Things seem fairly quiet so far. State Bog is 60-80% IN bloom. The Stevens at Rocky Pond Bog in Miles Standish are 5% out-of-bloom. At State Bog, the Ben Lears were 25% out-of-bloom and the Early Blacks were 13% out-of-bloom mid-week.

You may need to be checking early varieties and hybrid varieties soon for %out-of-bloom. Bloom is moving quickly in some areas. It is always good to get 2 %oob counts BEFORE you hit 50%, just to improve your estimate. Some growers may be spraying for fruitworm control by the end of next week. Late water Howes are very behind and barely at bloom yet.

Just a short message this week. Bloom is coming on strong this past week. It is absolutely the time to be putting out first fungicide. The weather has not been cooperative, so if you haven't yet sprayed, do it as soon as you have a chance. The window for controlling early season insects is closing unless you have really high numbers. We have had reports of 14 spag larvae and 20 weevils.

This is the week of spag. There is, however, no easy answer!

Many growers have been treating with Avaunt over the past few weeks for winter moth or weevil. We learned that gypsy moth sometimes gets through Avaunt, similar to spag getting through. One site had false army, blossom, weevil, bhf on a few pieces plus some spag too with all at, or close to, threshold.

Insect populations continue to be low. However, now is the time to sweep!
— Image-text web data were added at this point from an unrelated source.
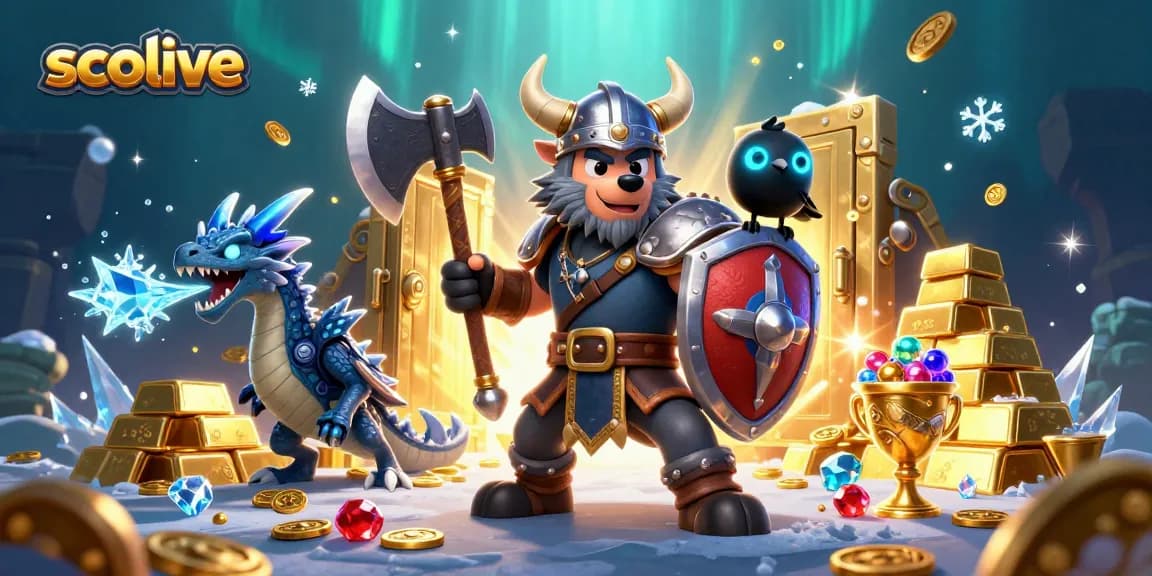 Engage in thrilling betting at socolive with iconic Viking and mythical creatures in a fantasy scene.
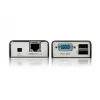 ATEN MINI USB VGA KVM extender (100 m), vysielač a prijímač, káblový, 100 m, Cat5, 1920 x 1200 pixelov, čierny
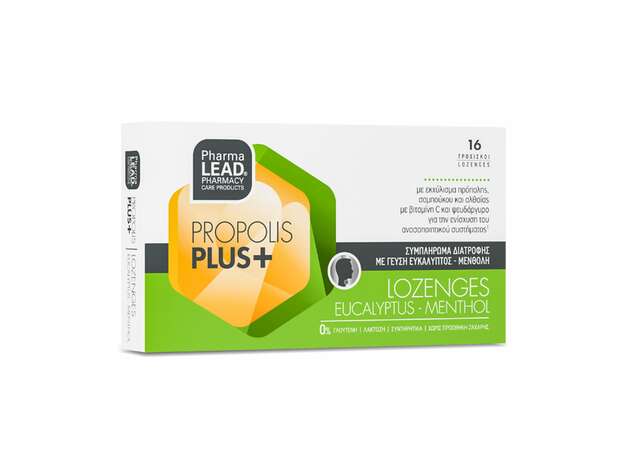 Pharmalead Propolis Plus+ Eucalyptus-Menthol, 16lozenges
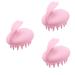 Fomiyes 3st scalp brush curls gel curly hair brushes slack scalp meacia hairbrush for the shower scalp massage clerk care brush electrical massage adorn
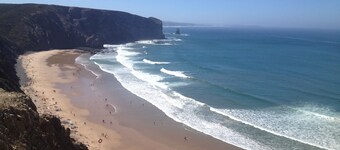 Modern villa with private pool and stunning views down to Monte Clerigo beach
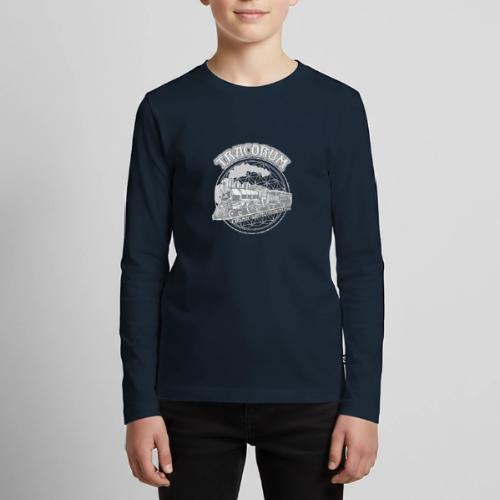 Tracorum Cosmic Train Washed Out Look - Kids' Premium Long Sleeve T-Shirt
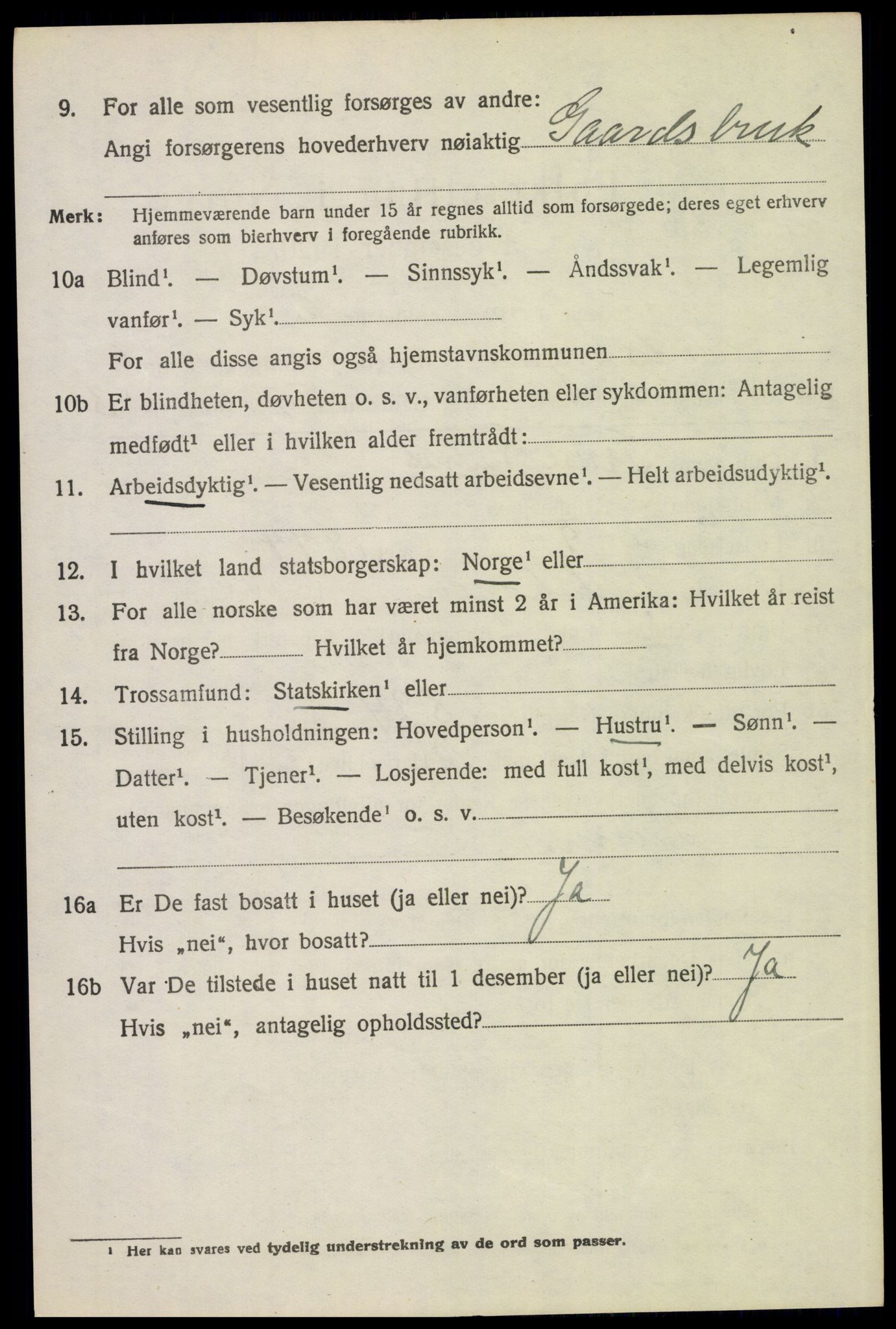 SAH, 1920 census for Eidskog, 1920, p. 6534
Winter moth larvae are easily seen in sweep nets at this time. Populations are not nearly as high as expected this year, but it would be wise to check your own bog. Small gypsy moth, false army worm and even black-headed fireworm have been reported on bogs.

Winter moth larvae were picked up in sweeps last week. There is only a small window of opportunity to get out and sweep this week before the poor weather conditions come in, so try to get out there to see if winter moth is on your bog. Growers were picking up averages of 8-10 larvae last week. They are very small but you should be able to see them.

Some growers are reporting heavy infestations regarding fruit inspection and CFW pressure. Talking with the Ent lab, that concurs with what they are finding. "Most bogs have nothing but 1 in 10 will have a big (heavy) infestation similar to your numbers.